Rep. Dan Flynn filed House Bill 2763, which proposes the city increase its contribution rate from 14.83 percent to 18 percent of police payroll and that officers continue to contribute 12 percent of their salary to the plan.
The city contributes about $1.77 million a year to the plan, but the new contribution rate would increase that to $2.15 million annually, about $380,000 more, city spokeswoman Marissa Barnett said.
Police and city officials have, for months, been embroiled in disagreements about how to improve the police pension plan, which in 2017 locked in at $32.1 million in unfunded liabilities, according to actuarial reports.
Flynn’s proposal contains several elements police and city representatives discussed in February as potential points of compromise.
Flynn, the previous chair of the house pension committee, has spearheaded massive restructures of struggling police pensions in Houston and Dallas.

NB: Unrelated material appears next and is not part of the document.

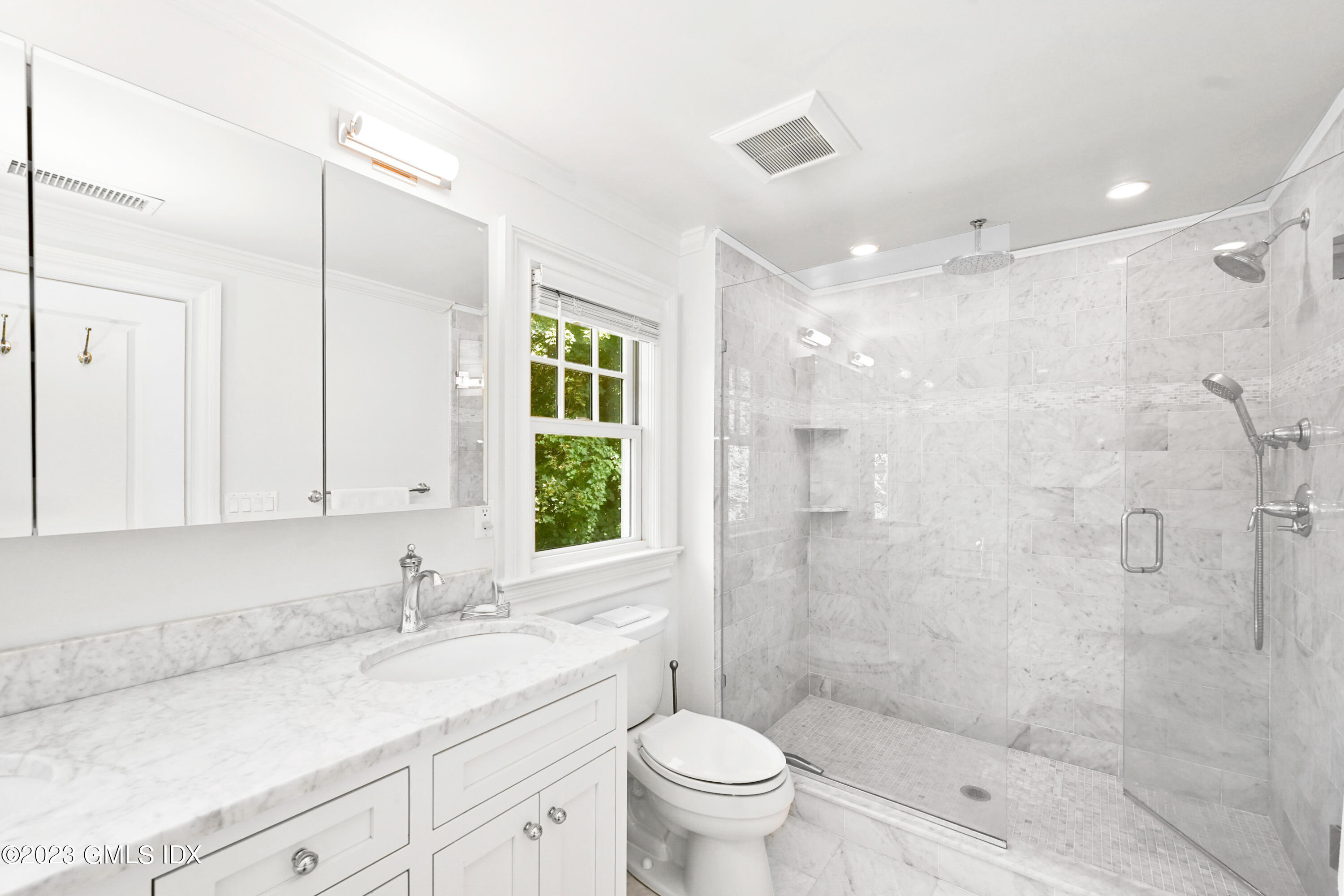 36 Evergreen Road Greenwich, CT 06830 - Photo 21 of 42 a bathroom with a shower sink vanity mirror and toilet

The city and police are headed toward agreement but nothing is finalized yet, pension board Chairman Geoff Gainer said Thursday.
Flynn’s bill was essentially a placeholder to be amended as the city and police agreed to changes, Gainer said.

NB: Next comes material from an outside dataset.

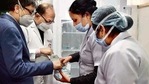 Medical professionals check vaccine vials at Kalawati Saran Children's Hospital Medical professionals check vaccine vials at Kalawati Saran Children's Hospital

“You file a shell of a bill that you intend to modify later on,” Gainer said.
Alternatives are still on the table, said David Erinakes, Flynn’s chief of staff, in a statement.
“It is important for all parties to know that there is still time to negotiate with each other, develop new strategies and update this base bill,” Erinakes said.
The bill also proposes raising the age at which police can collect full retirement to 58, three years longer than the 55 years, which now applies to newly hired officers.
Last year, police agreed to raise the full-benefit retirement age for new hires to 55 from 50 years old, a point that was already met with some resistance from officers.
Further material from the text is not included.